Then there is her love rival, Evelyn Ross, who had fallen deeply in love with Tommy and thought he was courting her with a view to marriage. Could she have felt jealous enough to kill following his engagement to Brid? She has been single ever since, with a part of her clinging onto the romantic dream that she might be reunited with him. Meanwhile, she has been living with her two sisters, Florence and Abigail, with the trio becoming known as hopeless spinsters, or even as bad luck.
Offering up a fully fledged view of village life, Norton succeeds in capturing the essence of Duneen in both past and present. As we follow PJ in his attempts to navigate the female psyche and find out the truth, there are several twists and turns, not to mention mistaken identities, along the way. I particularly enjoyed the subtle exploration of the past, often narrated carefully and without too much tendency for overt flashbacks. The plot might not be the most complex, but then it isn’t trying to stand up against the hard hitting thrillers either. It’s the social aspect that takes precedence, and PJ is a somewhat unique choice of protagonist to lead us through it.

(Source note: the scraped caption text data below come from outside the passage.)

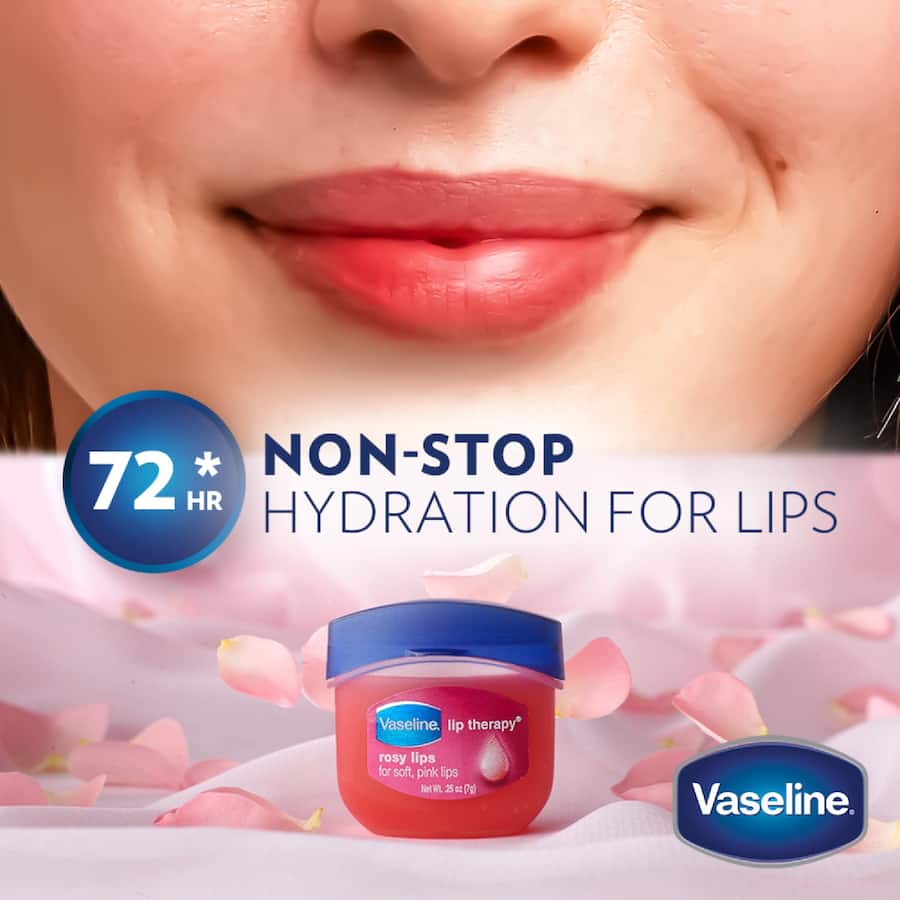 Vaseline Lip Therapy Rosy Lips 7g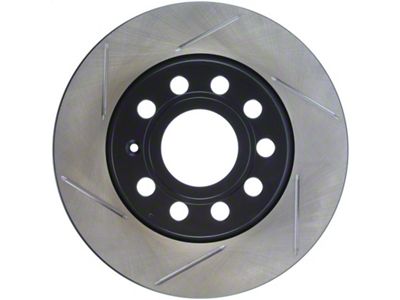 StopTech Power Slot Volkswagen GTI Rear Right Slotted Rotor - 126.33131SR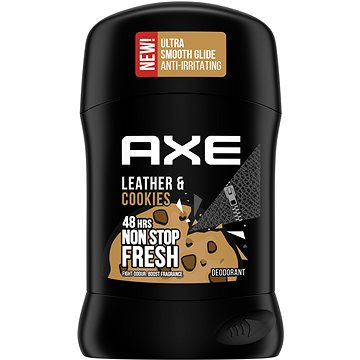 medley Actuator Gepolijst AXE Leather & Cookies solid deodorant for men 50 g - Deodorant | alza.sk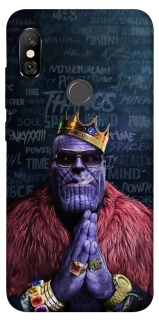 Чохол на Xiaomi Redmi Note 6 Pro Thanos on style фото 1 з 1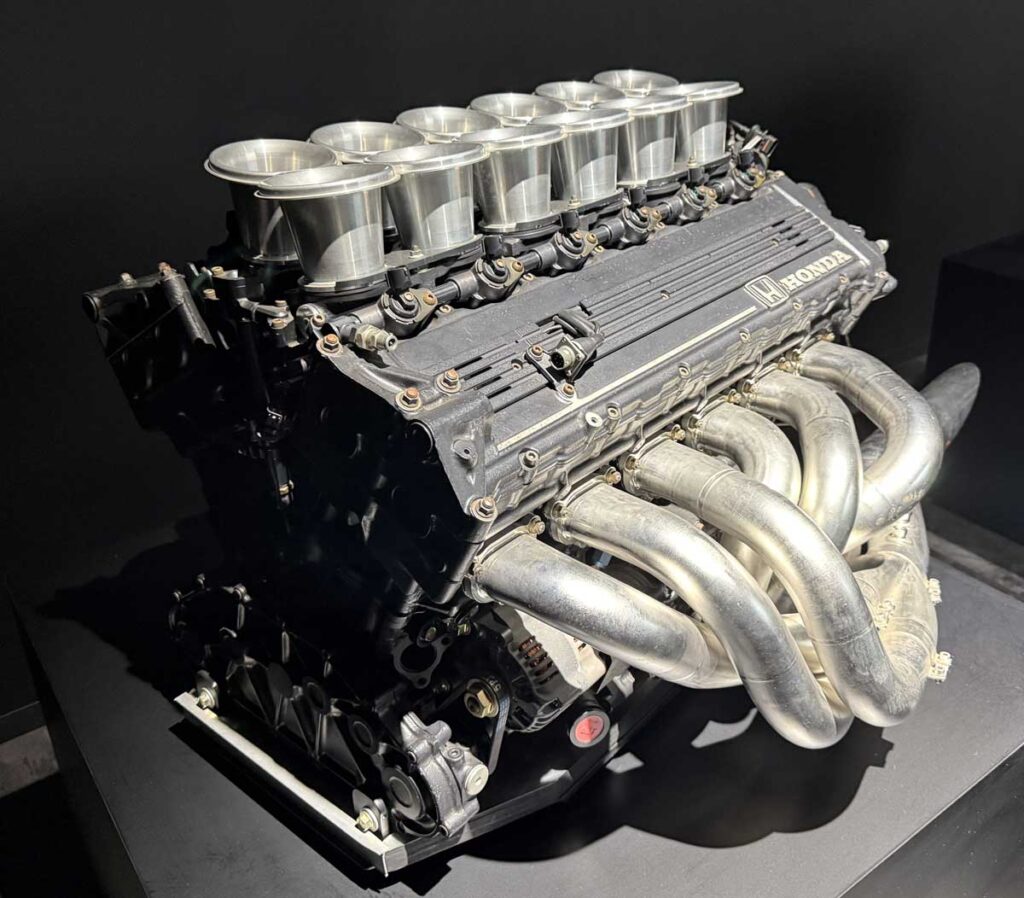 ホンダF1V10エンジン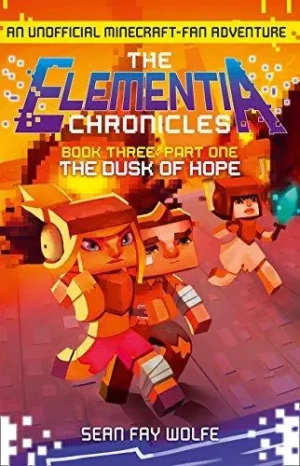 The Elementia Chronicles 03: Herobrine's Message - Wolfe Sean Fay - książka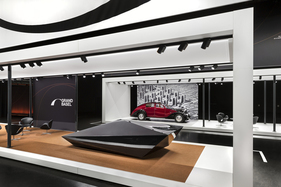 The exhibition concept of Grand Basel 2018, shown at Preview 2017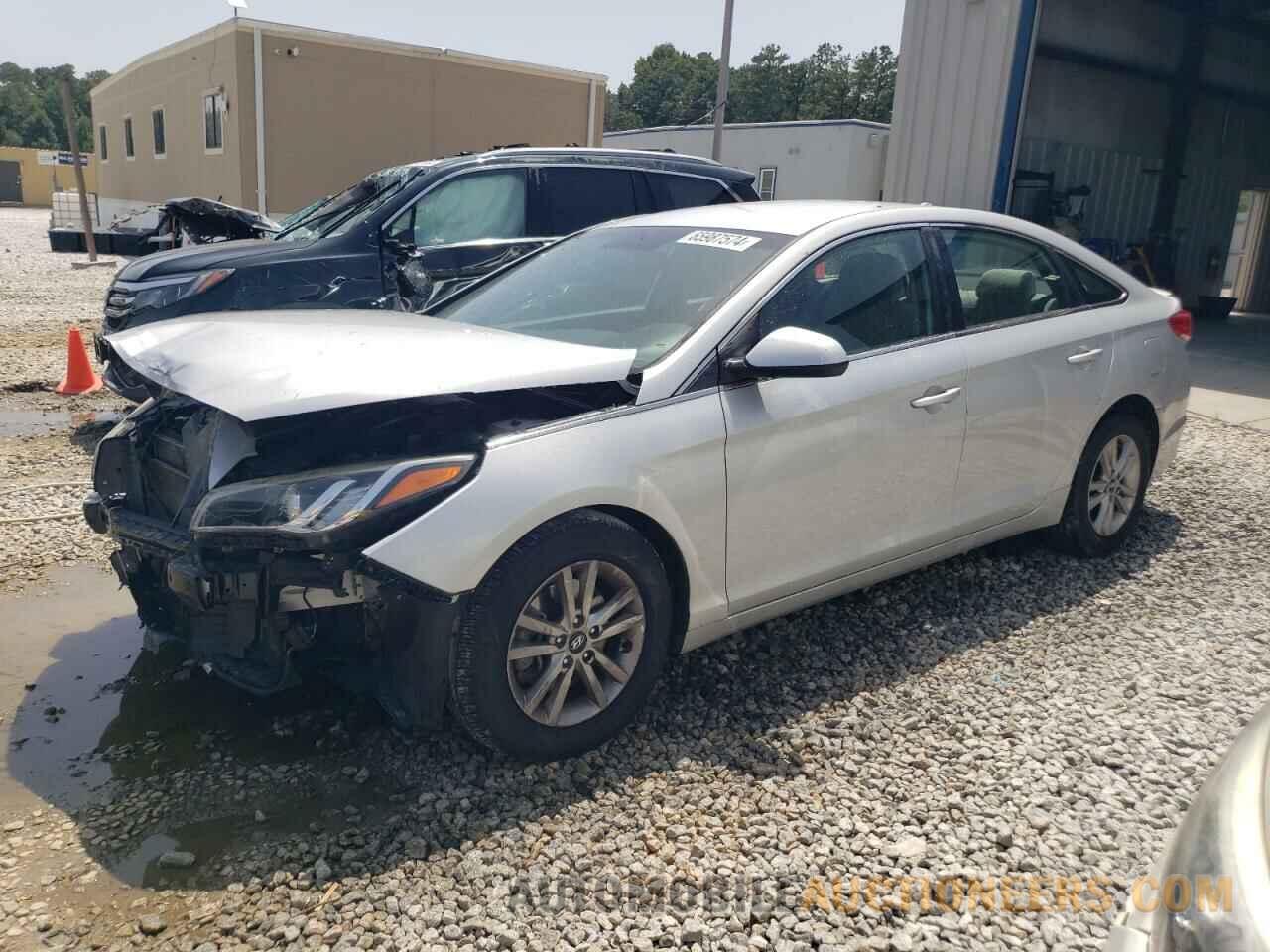 5NPE24AF8GH387758 HYUNDAI SONATA 2016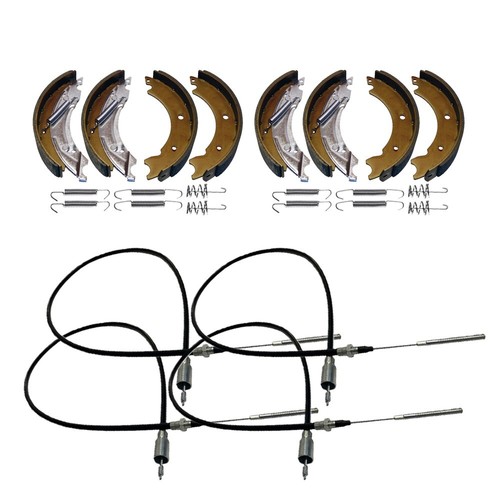 Brake shoe cable kit - brake, &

From the outset we know that he is a bit of an oddball, with his weight making him a mockery of the typical village plod. He is cared for by a housekeeper who cooks him extravagant meals each night, leaving him with little to worry about besides where the next parking ticket might be issued. In being called to this discovery, his dreams are awakened and he sees what police life could really be like. I thought he grew in confidence as he followed his hunches and began to realise that he could do more than he gives himself credit for. What I found more difficult to empathise with was his attitude towards both women, Brid and Evelyn. He is clearly besotted with Evelyn, the epitome of pure and virginal, hoping from the outset that she is not to blame. Then there’s Brid, who’s rougher around the edges and having marital troubles when PJ first questions her. He can see her vulnerability and plans to take advantage of it if it gets him the answers he needs.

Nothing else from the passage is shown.